# My first real try at food photography



## Fidi (May 1, 2012)

Hallo,
I have a little blog (in German),mostly on clicker training pets, but with some off-topic sections, one called "in the kitchen".
For this I photographed some step-by-step recipes which looked rather awful.

Then I came accross Hélène Dujardin's book "Plate to pixel".

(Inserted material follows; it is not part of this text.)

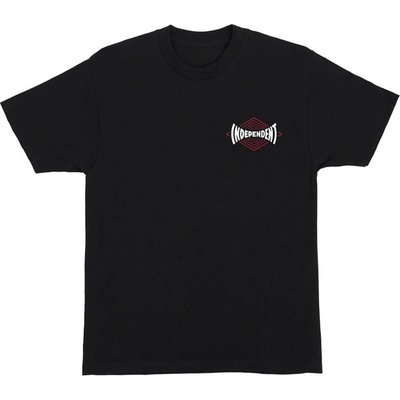 Independent triko Vertigo Span S/S Heavyweight Black 153311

My next try was at a birthdaycard for a friend which was to capture a birthday table with wine and cake.

Here a some samples.

Feel free to comment and criticise (but keep in mind, it was my first try ).

Best,
Fidi

PS
My first try on my blog --- not very inspiring...:x


----------



## PapaMatt (May 1, 2012)

Wow, over 70 views and no quotes? I think the white balance is off on both, changed this one a bit?


----------



## Balmiesgirl (May 1, 2012)

PapaMatt said:
			
		

> Wow, over 70 views and no quotes?



lol... When u can't say something nice  .........
Ok sorry...
 I think they are too busy, but that is a personal preference. The white balance does seem slightly off. But basically I would try to simplify it or get in closer and choose one main element.


----------



## o hey tyler (May 1, 2012)

I think there's too many competing elements in my opinion. Also, for food photography (and a lot of other forms of photography) I prefer a longer focal length to get a more realistic perspective on the food with the least amount of distortion possible. As Matt stated, the WB needs a gentle adjustment to correct the red cast. 

Here's a shot that my girlfriend and I set up after we made some Banana cupcakes with peanut butter frosting. We took this with a 30x60" softbox and a reflector using a 50mm lens on a full frame camera:


----------



## jowensphoto (May 2, 2012)

> ...we made some Banana cupcakes with peanut butter frosting.



OMG. That sounds amaaaaaazing. Our local bakery has bacon with maple frosting and bacon bits on top. Yum-o.


I haven't any experience with food photography, but I think this is a time when less is more. Let the beauty of the food show through: the color, texture, shape. I think if you deconstruct the photos you posted and focus on single elements you'll have better luck.


----------



## Dillard (May 2, 2012)

I find the red background a little distracting overall


----------



## joel28 (May 2, 2012)

Where can i learn about and purchase the props?


----------



## fenderjaguar (May 2, 2012)

In all of your pictures your plates which hold the subject of your photos is cut off. The framing is all off.


----------